スカーレット・オハラは、いわゆる美人ではなかった。が、フランス上流階級の血を引く母とアイルランド移民の父から受け継いだ、繊細な目鼻立ちと活力をあわせ持つ、じつに魅力的な顔をしていた。偉大なレディである母と黒人乳母マミーによって厳しくしつけられ、おとなしげな立居振舞をしていても、緑色の目は意志と生命の貪欲さで光っていた。こんなスカーレットに、たいていの男は夢中になった。
スカーレットの父親はかつて、政治をめぐる口論に激情して殺人を犯し、アメリカへ逃亡してきた。持ち前のポーカーの腕を活かして賭けで土地を手に入れ、黒人奴隷を買い集め、南部ジョージア州に綿花の大農園を一代で築いたのだった。
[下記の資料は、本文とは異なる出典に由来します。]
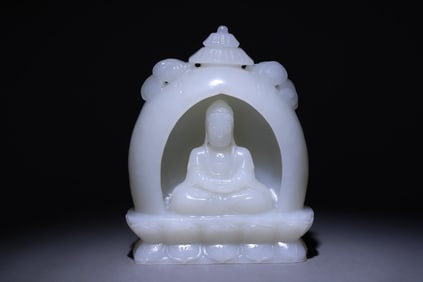A Exquisite Hetian Jade Buddha Niche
その農園はタラと呼ばれた。
大きな館で、ほとんどのことは思い通りに過ごしてきたスカーレットだったが、あるとき不愉快な情報を聞きつけた。自分のことを愛していると思っていた、金髪の優雅なアシュリー・ウィルクスが、パーティーで別の女との婚約を発表するというのだ! やせっぽちで地味なメラニー・ハミルトンとの婚約を! 自分が愛していることを伝えられさえすれば、アシュリーはきっと自分と結婚しようと思うはず。スカーレットはウィルクス家のパーティーへ、とびきり自分が美しく見える、緑色のひだ飾りがついたドレスを着て乗り込んだ。
若い客人たちと挨拶をかわすなか、スカーレットは自分を見つめる不遜な視線に気づく。浅黒くがっちりして、抜け目ない大胆な雰囲気をまとった男性は、レット・バトラーといい、名家の出身だが女性とのトラブルで勘当されている評判の悪い人物だという。
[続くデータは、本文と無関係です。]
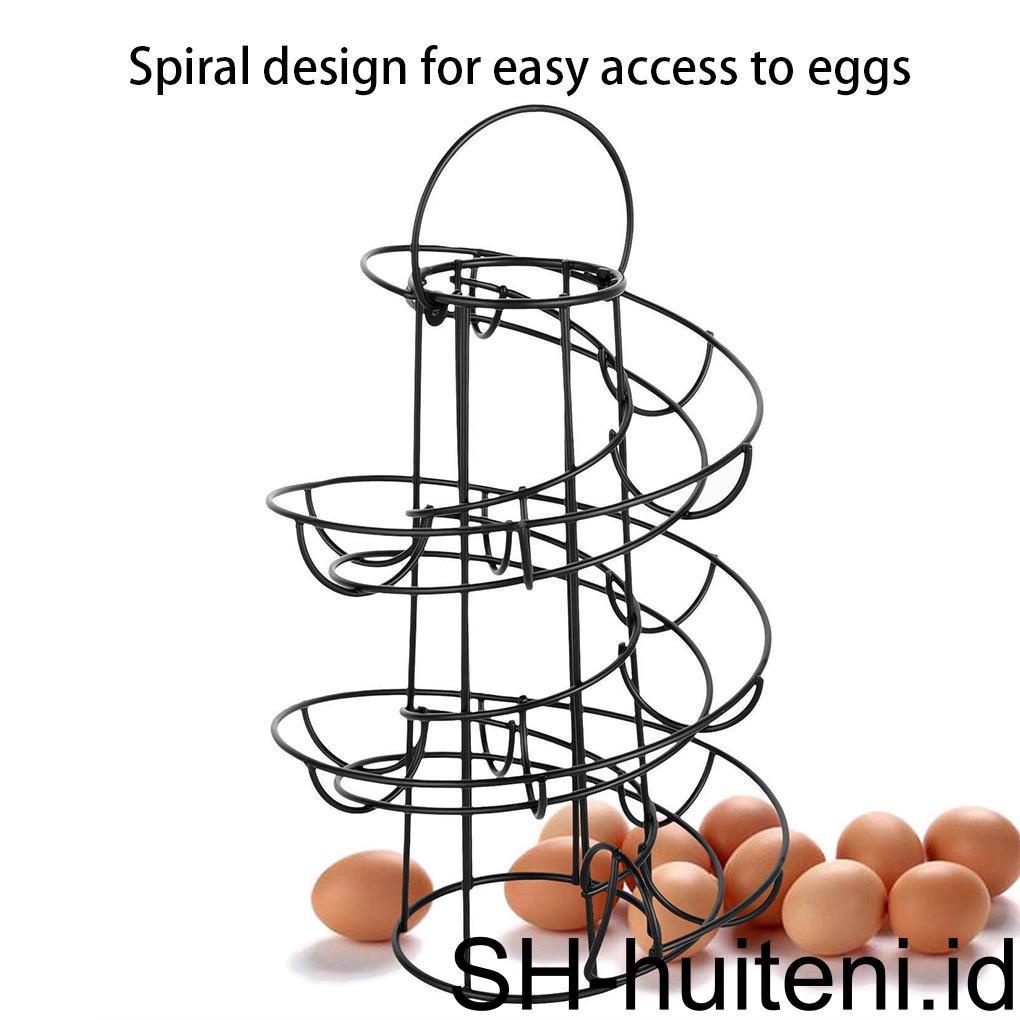 Rak Penyimpanan Kawat Telur Berdiri Perlengkapan Dapur Egg Organizer Holder Display Rak Meja Dapur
スカーレットは、女性だけの集まりを抜け出し、体よくアシュリーを書斎へ誘いこんだ。いぶかしむアシュリーに、スカーレットは、レディの教えをすっかり忘れて、「愛している」と何度も言いつのった。しかしアシュリーは、スカーレットのことは好きだが、自分と同じく本や音楽を愛するメラニーを結婚相手として決めたのだと告げる。それを聞いたスカーレットは、怒りにまかせてアシュリーを平手打ちし、彼が出ていった後に花入れを暖炉に投げつけた。すると、なんとソファの陰から「昼寝をしていた」というレット・バトラーがぬっと現れた。